June 17 marks 32 years since the abolition of apartheid. How does the Afrikaner stronghold of Stellenbosch reconcile with its haunting past?

Updated - June 01, 2023 05:59 pm IST

A worker picks grapes on a wine estate in Stellenbosch.

A worker picks grapes on a wine estate in Stellenbosch. | Photo Credit: Getty Images

How is it that the part of the world which created one of the most haunting ideologies to divide humanity is also one of its most beautiful?

About 50 miles east of Cape Town on the Atlantic coast of South Africa lie the wealthy vineyards of Stellenbosch, a stronghold of Afrikaners, the white descendants of the Dutch settlers nativised in South Africa for the last 500 years. This is the place considered as the birthplace of apartheid, one of the most blatant and traumatising systems of racial segregation in the modern world. Who were the dark visionaries behind this structure of exclusion?

Afrikaner leader and former South African prime minister Hendrik Verwoerd is commonly regarded as the architect of apartheid.

Afrikaner leader and former South African prime minister Hendrik Verwoerd is commonly regarded as the architect of apartheid. | Photo Credit: Bettmann Archive/ Getty Images

Sitting here in Stellenbosch, I re-read Zoë Wicomb’s short story, ‘A Clearing in the Bush’, where a “coloured” cook, Tamieta, is puzzled by the absence of people at the memorial service for the recently assassinated prime minister of the country, Hendrik Verwoerd. No one had bothered to tell her that black and coloured students had boycotted the memorial of the Afrikaner leader who was one of the founding members of the apartheid system and the chief architect of the Bantu Education Act, which exiled black Africans to a menial schooling, limiting proper education to whites.

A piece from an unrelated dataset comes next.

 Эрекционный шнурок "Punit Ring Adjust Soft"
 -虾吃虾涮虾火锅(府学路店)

“Although the African was to get an education,” wrote Njabulo Ndebele, “it was only so that he could be a better servant who could understand simple instruction and read simple messages.”

“I don’t agree with what that improvement means,” says a character from a short story by Sindiwe Magona, who worked as a female domestic worker. “Thank you very much, but I don’t want to learn to iron starched shirts better. I don’t want to learn the ways of laying the most attractive table.”

Stellenbosch mafia

Verwoerd, along with every single prime minister between 1919 and 1978, and the majority of the members of the Cabinet and the white Parliament, including Jan Smuts, J.B.M. Herzog, D.F. Malan, J.G. Strijdom, and B.J. Vorster, had attended Stellenbosch University. The university itself evolved in 1859 from the theological seminary of the Dutch Reformed Church, which provided many of the moral and religious foundations of racial segregation.

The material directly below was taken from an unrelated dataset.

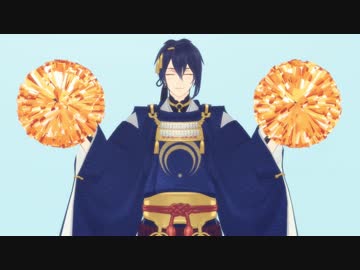 【MMD刀剣乱舞】審神者を応援する【20振】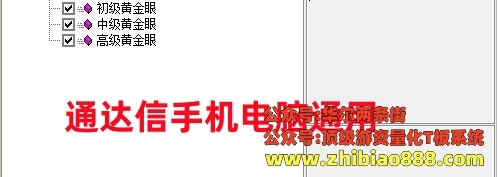 微信截图_20250113200030.png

Particular forms of Calvinistic prudery, wrote the novelist and essayist Nadine Gordimer, enabled the Church to twist “religion to the service of racism and identified the church with the security of the state, including its sexual morality based on the supposed “purity” of one race.” The results, she can’t stop thinking for a moment, have been a violation of humanity rarely seen before or since.

An anti-apartheid demonstration in Soweto, South Africa, in 1989.

An anti-apartheid demonstration in Soweto, South Africa, in 1989. | Photo Credit: Getty Images

What does the birthplace of apartheid look like in the rainbow nation today? Some of the richest Afrikaners still live in Stellenbosch — labelled the “Stellenbosch mafia” by the controversial black politician Julius Malema — a powerful example of white monopoly capitalism. But the university town, now fast on its way to becoming an IT hub, also draws major philanthropy from Europe, which enables writers, artists, scientists and academics to come and spend time in the mountain-nestled wine paradise and work on their projects.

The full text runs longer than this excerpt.